▶ _About this task_
Only the stretch below from the line holding "7314 Hunt Club" through the line holding "Panoramic shot of bottles in sea against sky" should be restated, word for word and with both ends included; pictures stay out.

▶ _The records_
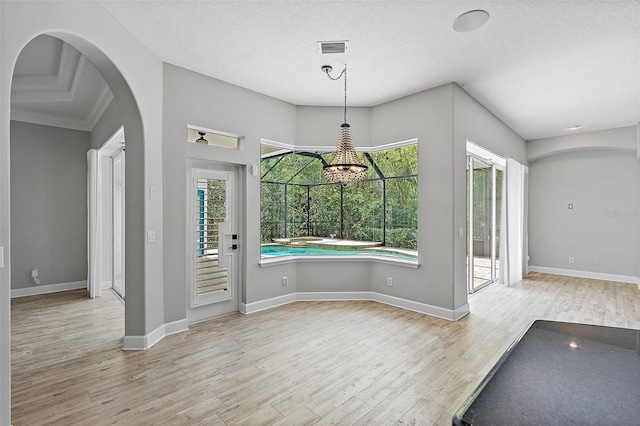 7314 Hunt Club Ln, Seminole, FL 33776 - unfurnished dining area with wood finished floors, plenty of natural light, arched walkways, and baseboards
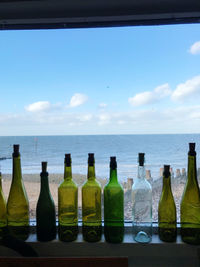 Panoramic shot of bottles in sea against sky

--

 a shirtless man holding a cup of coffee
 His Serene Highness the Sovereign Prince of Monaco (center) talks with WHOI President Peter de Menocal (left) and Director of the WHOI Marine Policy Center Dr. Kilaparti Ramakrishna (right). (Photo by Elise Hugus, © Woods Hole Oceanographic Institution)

▶ _Output below_
 7314 Hunt Club Ln, Seminole, FL 33776 - unfurnished dining area with wood finished floors, plenty of natural light, arched walkways, and baseboards
 Panoramic shot of bottles in sea against sky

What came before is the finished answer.